Dabei geht es, nur in wenigen Punkten verdichtet, um die tatsächlichen Ereignisse, die 1958 zum ersten Auschwitzprozess in Frankfurt am Main führten. Der junge Staatsanwalt Radmann, der eigentlich noch ein paar Jahre lang Verkehrsdelikte bearbeiten soll, begegnet dem (historischen) Journalisten Thomas Gnielka. Dessen Freund, der jüdische Kunstmaler Simon Kirsch hat in einem Lehrer einen ehemaligen SS-Mann und KZ-Wächter erkannt. Weil keine Polizeistelle eine Anzeige aufnehmen will, sind Gnielka und Kirsch zur Staatsanwaltschaft gekommen, wo sie ebenso abgebügelt werden sollen. Radmann beginnt zu recherchieren, und findet schnell heraus, dass alle Kriegsverbrechen bereits verjährt sind, außer Mord. Ob denn in den Lagern auch Morde begangen wurden, fragt er Kirsch. Kirsch lacht verzweifelt über Radmanns Naivität.
Regisseur Ricciarelli, Jahrgang 1965, zeigt das Zustandekommen der Auschwitzprozesse als eine Art Urszene deutscher Selbsterkenntnis, und mindestens juristisch und journalistisch war der Prozess das sicher auch. Dennoch waren sämtliche Argumente der Ausschwitz-Verteidiger bei den Majdanek-Prozessen in den 80er Jahren wieder zu hören und gewannen in der öffentlichen Meinung große Popularität.
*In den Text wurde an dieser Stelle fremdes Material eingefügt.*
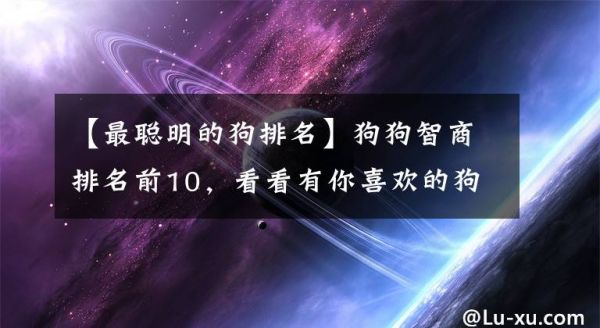 【最聪明的狗排名】狗狗智商排名前10，看看有你喜欢的狗吗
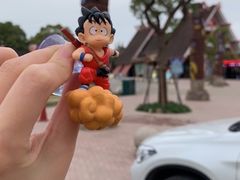 -野生动物园-停车场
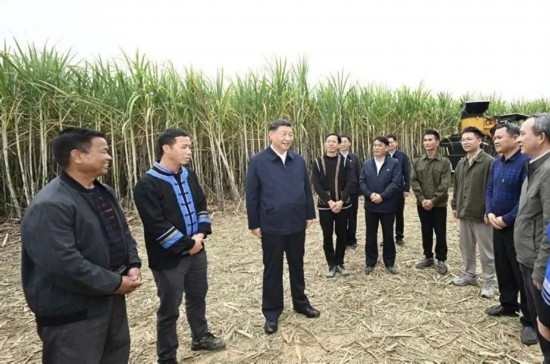 2023年12月14日，習(xí)近平總書記在廣西來賓市國家現(xiàn)代農(nóng)業(yè)產(chǎn)業(yè)園黃安優(yōu)質(zhì)“雙高”糖料蔗基地考察。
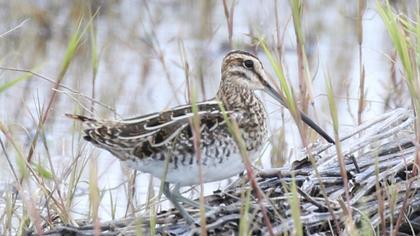 Common Snipe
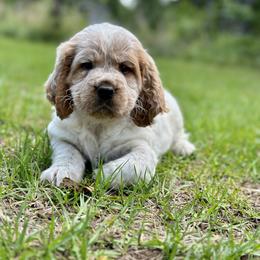 English Springer Spaniel Puppies from Willow Creek Farms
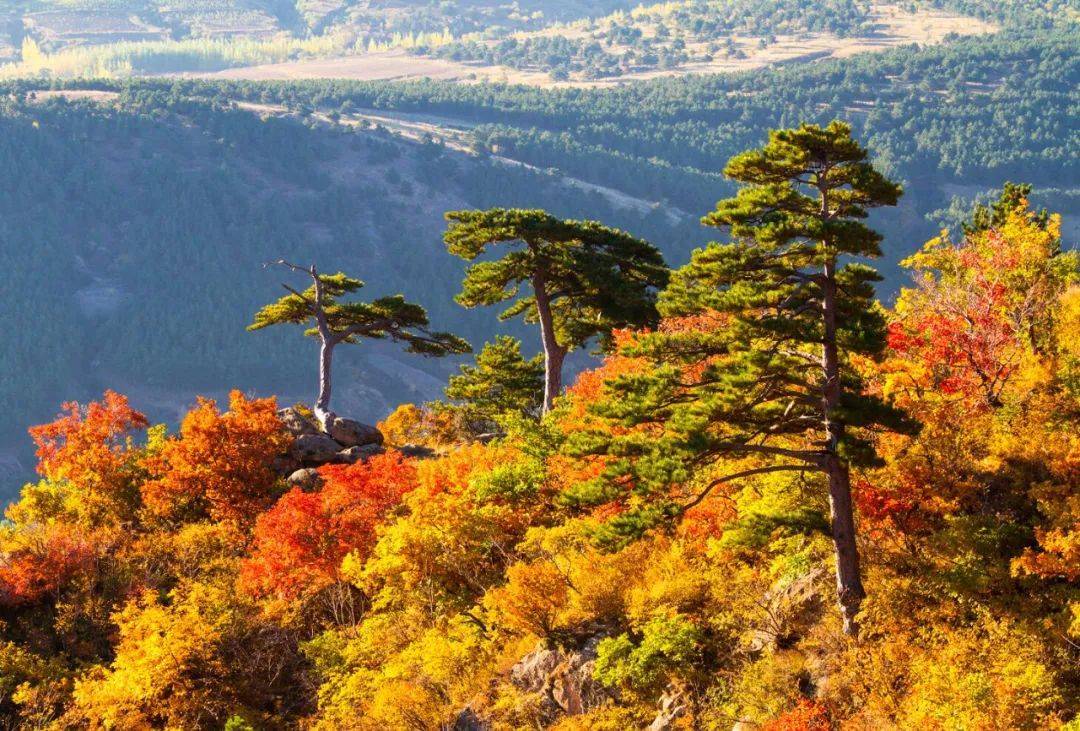 建平印象·山水筑梦_秀山_生态_黄花山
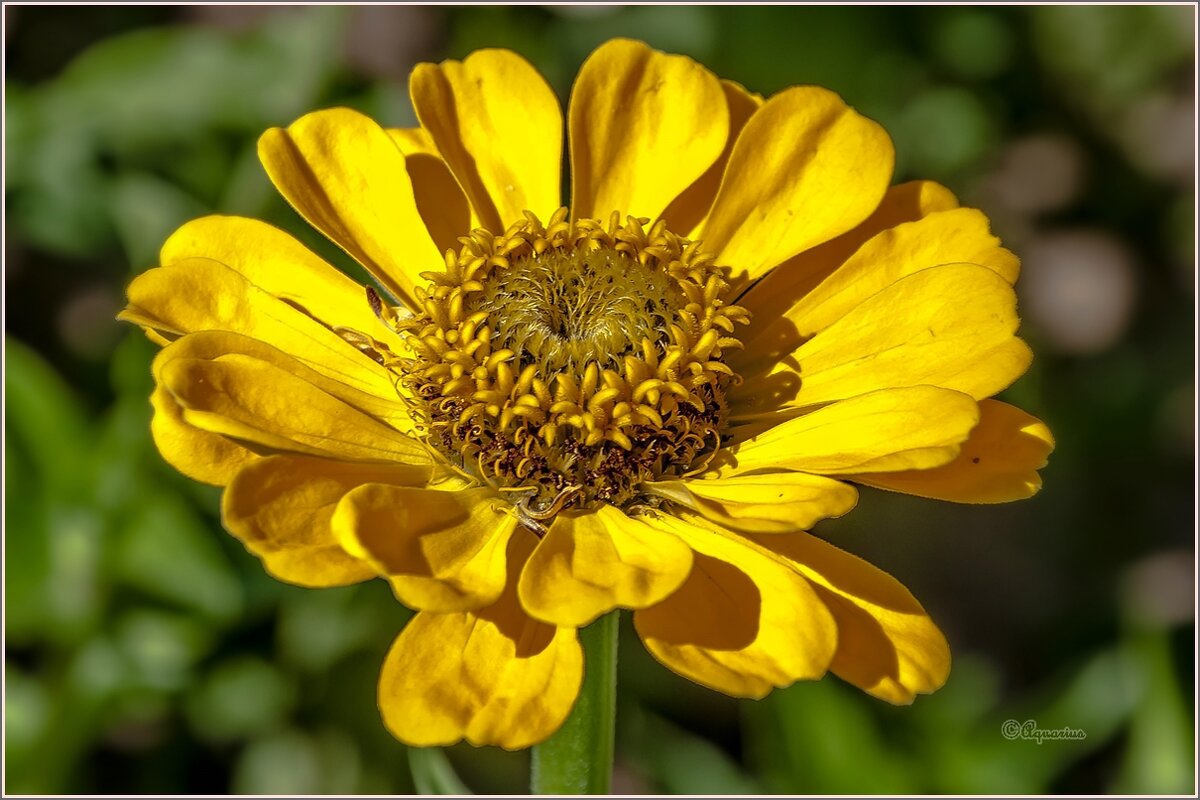 Лето,июль, цветы... - Aquarius - Сергей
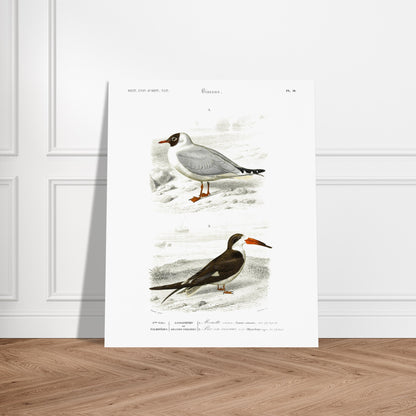 Illustration de Mouette rieuse et Bec-en-ciseaux - d'Orbigny. Planche naturaliste présentant deux oiseaux marins : une mouette rieuse posée sur un sol caillouteux et un bec-en-ciseaux aux couleurs contrastées. Image d'illustration 5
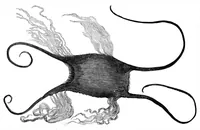 Picture 10 of 13 from Scientific American, Vol. 43, No. 17 (October 1880) (1880), leaf 9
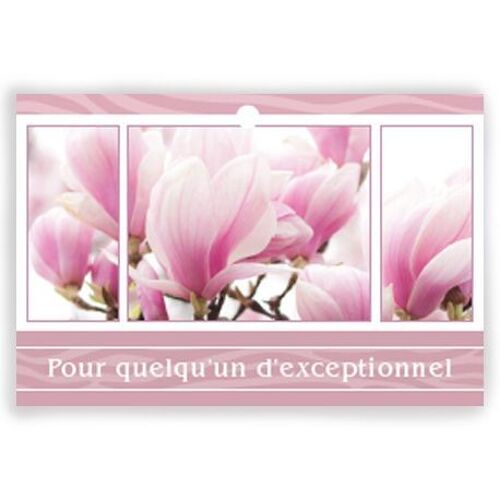 Eternel 1002 008 Pour quelqu'un d'exceptionnel x 10 cartes - Carte de vœux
Auch die Debatte um die Verjährung von Mord im Jahr 1979 wäre ohne die Ausstrahlung der amerikanischen Fernsehserie HOLOCAUST möglicherweise anders ausgegangen.
Kino und Fernsehen schufen mit wenigen Filmen und Serien – NACHT UND NEBEL, HOLOCAUST, SHOAH, SCHINDLERS LISTE - das Bewusstsein dafür, dass nicht mehr die Frage, die Oberstaatsanwalt Friedberg in IM LABYRINTH DES SCHWEIGENS stellt, den Diskurs bestimmt: „Wollen Sie, dass sich jeder junge Mensch fragt, ob sein Vater ein Mörder war?“. Stattdessen ist heute Radmanns Position in der Öffentlichkeit ein, wenn auch umstrittener und immer wieder utilisierter Konsens: Das Wissen über Auschwitz ist wichtig, „damit man heute das Richtige tut“. Guido Knopps Geschichtsvernichtungs-Fernsehen war dagegen seit den 80er Jahren vor allem für die Produktion des Bewusstseins zuständig, schon alles über „die Nazis“ zu wissen, bzw. eigentlich schon viel zu viel zu wissen. Knopps pompöser Doku-Kitsch war eine notwendige Voraussetzung für ahistorisch-mythische nationale Historiendramen vom WUNDER VON BERN bis zum LEBEN DER ANDEREN, in dem Joseph Goebbels Affäre mit der Schauspielerin Lida Baarova einem DDR-Minister angedichtet wird, und der Glaube, die Schönheit bürgerlicher Kultur mache alle zu besseren Menschen noch einmal zu Tränen rühren darf. Ganz so als wisse man nicht mehr um die Vorliebe des KZ-Kommandanten Amon Göth Hinrichtungen und Folterspiele durch klassische Musik zu untermalen. Als hätte man damit etwas über die Stasi erzählt.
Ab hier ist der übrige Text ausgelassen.